- **GOAL OF THE EXERCISE**
The reply should reproduce every line of the data below word for word, minus any images.

- **INFORMATION SUPPLIED**
[Start of Attachment]

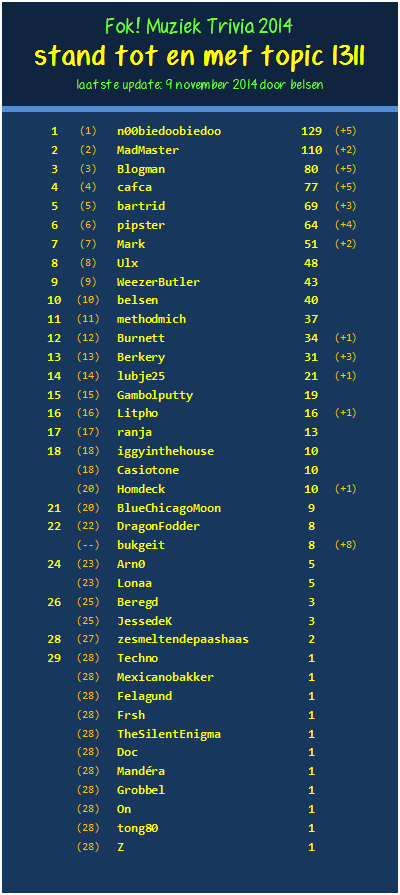 141109_32436_stand_muz_trivia_1311.png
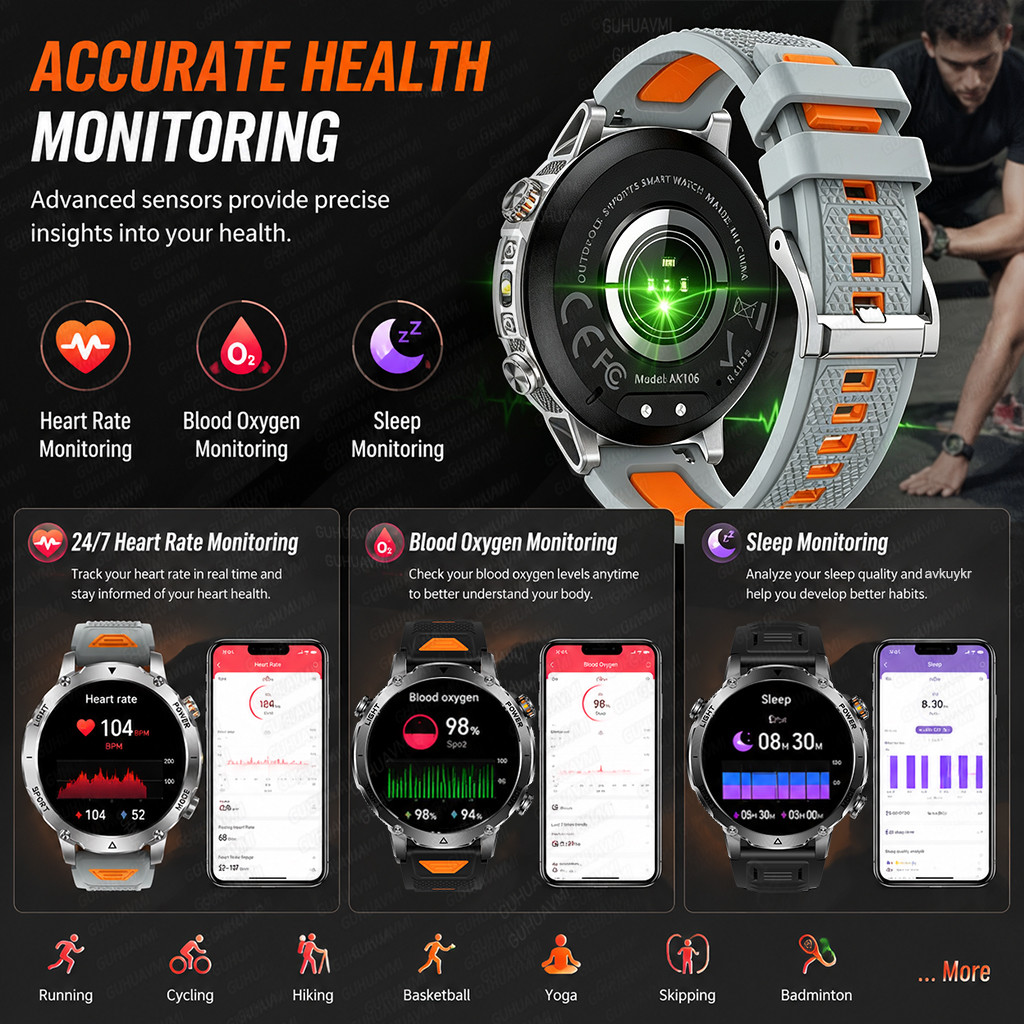 2026 New 1400mAh Super Big Battery GPS Smart Watch 1.7" AMOLED Screen Men Sport Watch Waterproof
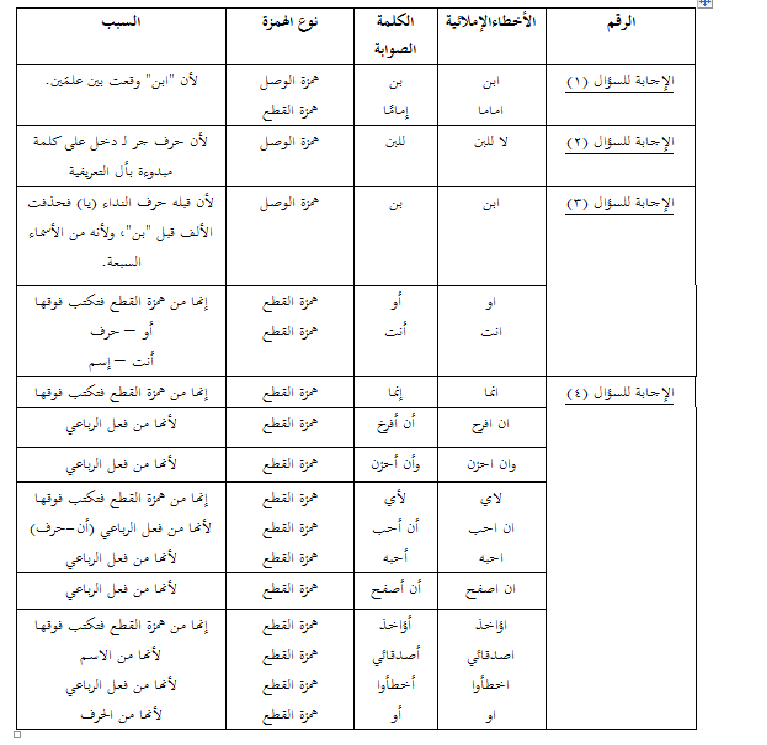 الهمزة بين الوصل والقطع Ipshhj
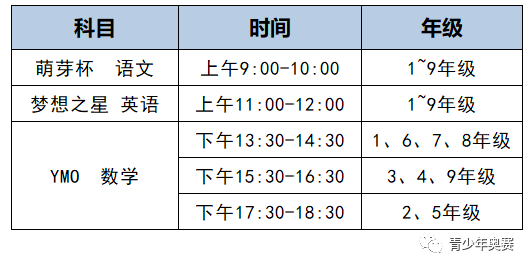 YMO，萌芽杯，梦想之星初赛时间已确定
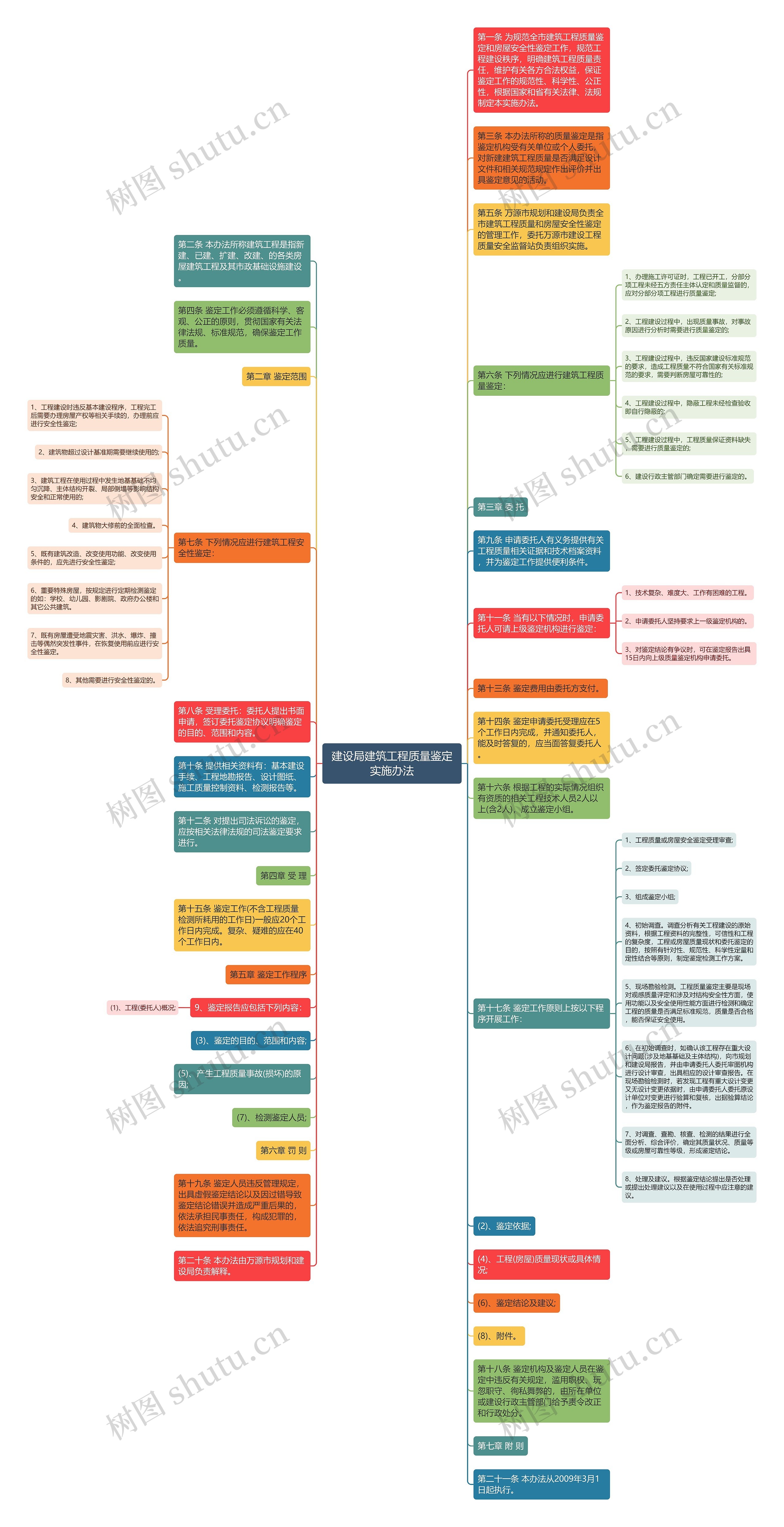 建设局建筑工程质量鉴定实施办法思维导图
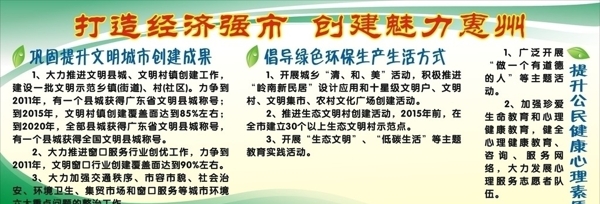 打造經(jīng)濟(jì)強(qiáng)市圖片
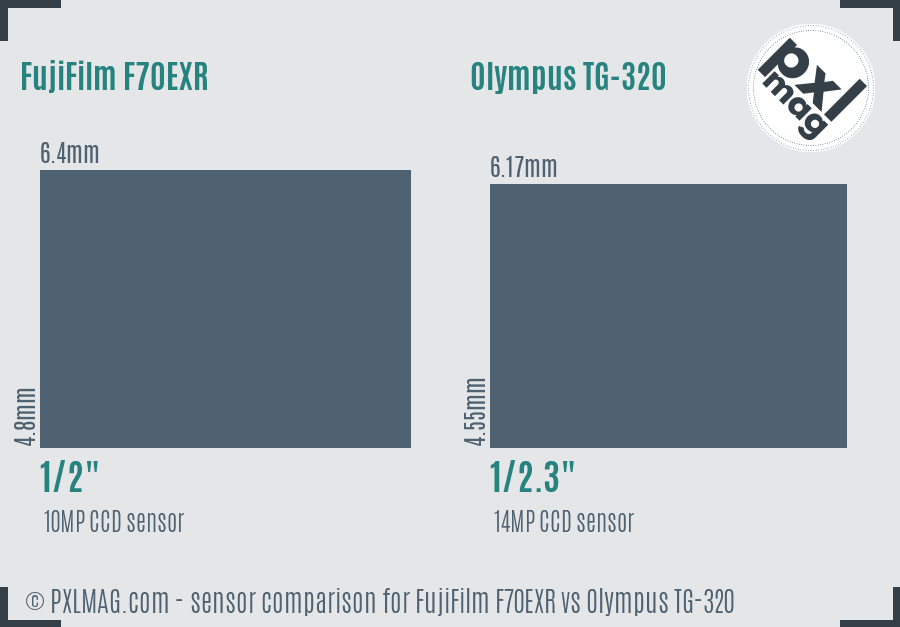 FujiFilm F70EXR vs Olympus TG-320 sensor size comparison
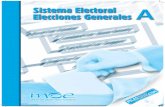 Cartilla Moe Sistema Electoral Colombiano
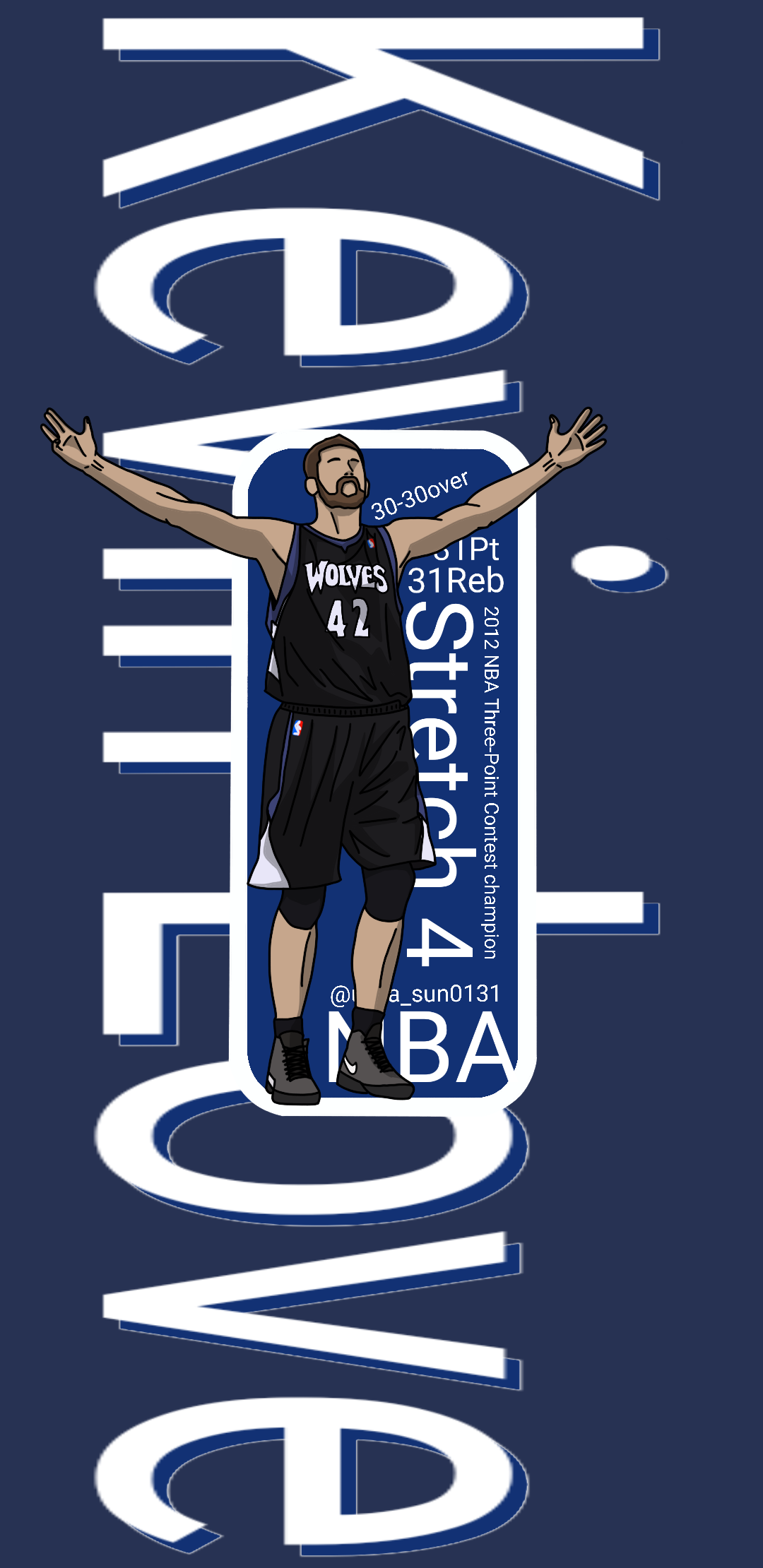  NBA 선수 배경화면(앤서니 데이비스, 케빈 러브)및 프로필
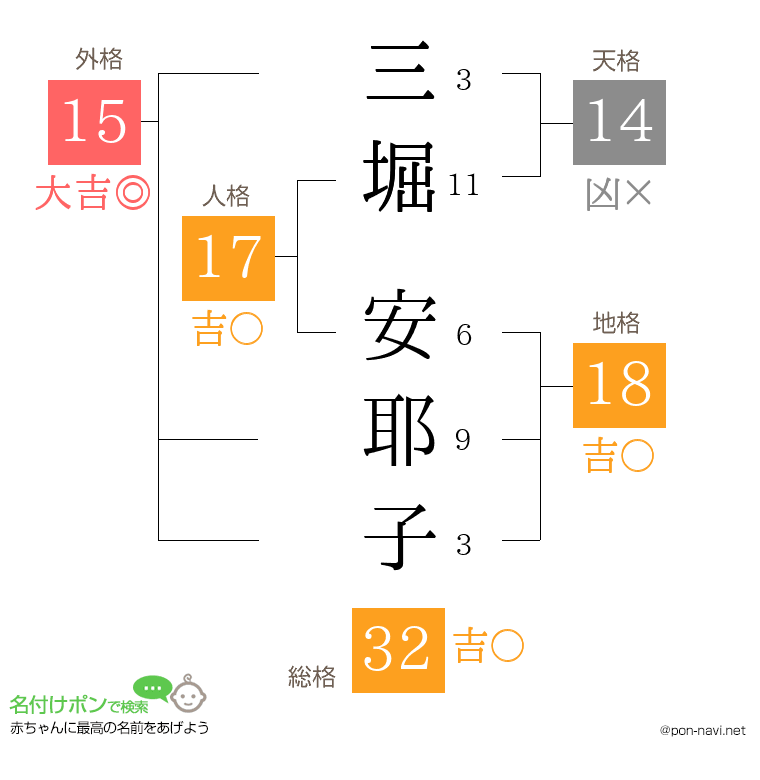 三堀 安耶子さんの姓名判断結果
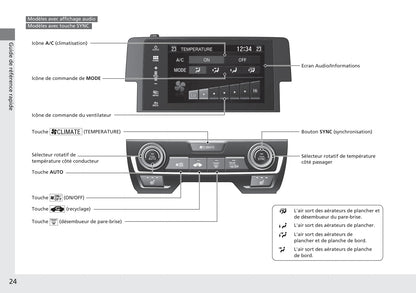 2016-2017 Honda Civic Type-R Owner's Manual | French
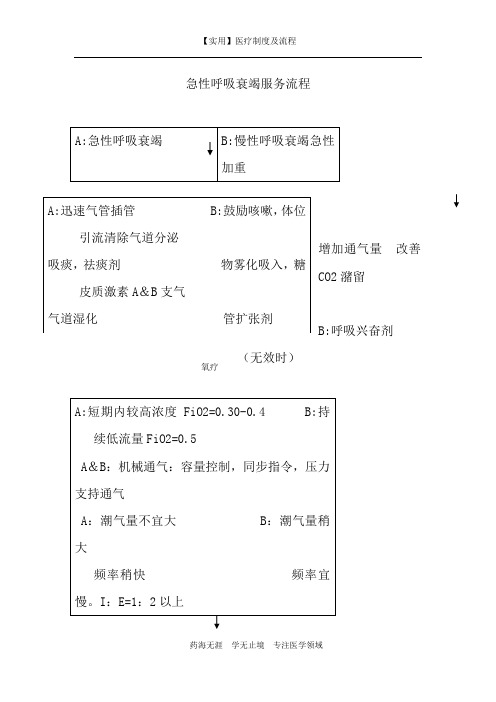 【实用】急性呼吸衰竭服务流程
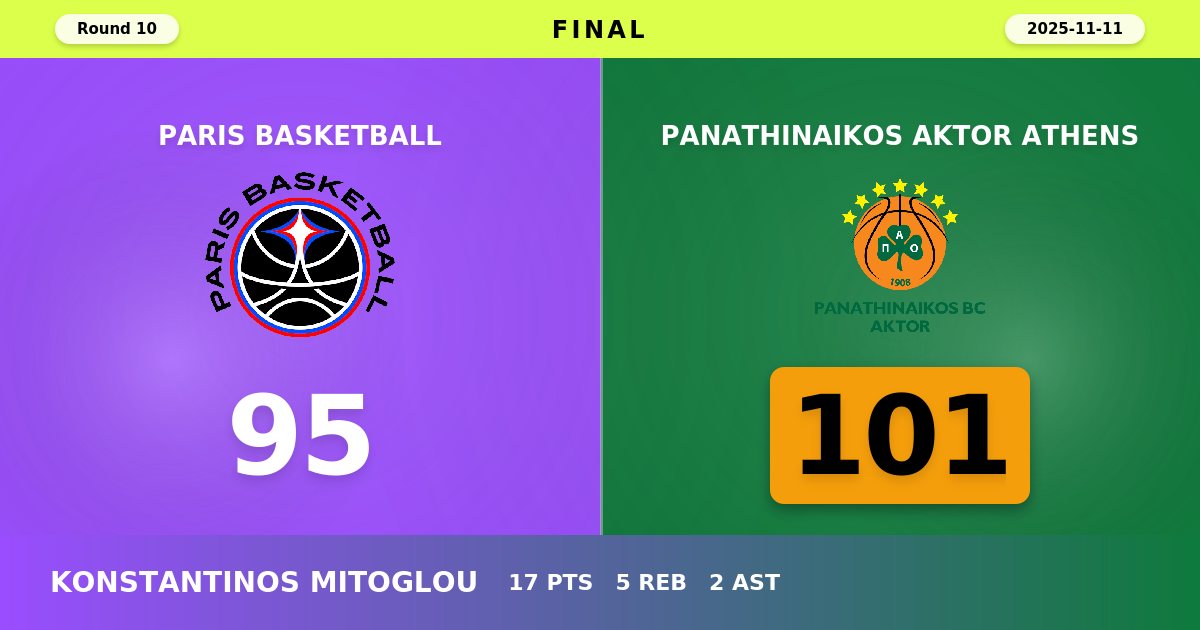 Panathinaikos AKTOR Athens Overcomes Paris Basketball in Hard-Fought 101-95 Road Victory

[End of Attachment]

- **SOLUTION**
 141109_32436_stand_muz_trivia_1311.png
 2026 New 1400mAh Super Big Battery GPS Smart Watch 1.7" AMOLED Screen Men Sport Watch Waterproof
 الهمزة بين الوصل والقطع Ipshhj
 YMO，萌芽杯，梦想之星初赛时间已确定
 建设局建筑工程质量鉴定实施办法思维导图
 打造經(jīng)濟(jì)強(qiáng)市圖片
 FujiFilm F70EXR vs Olympus TG-320 sensor size comparison
 Cartilla Moe Sistema Electoral Colombiano
  NBA 선수 배경화면(앤서니 데이비스, 케빈 러브)및 프로필
 三堀 安耶子さんの姓名判断結果
 2016-2017 Honda Civic Type-R Owner's Manual | French
 【实用】急性呼吸衰竭服务流程
 Panathinaikos AKTOR Athens Overcomes Paris Basketball in Hard-Fought 101-95 Road Victory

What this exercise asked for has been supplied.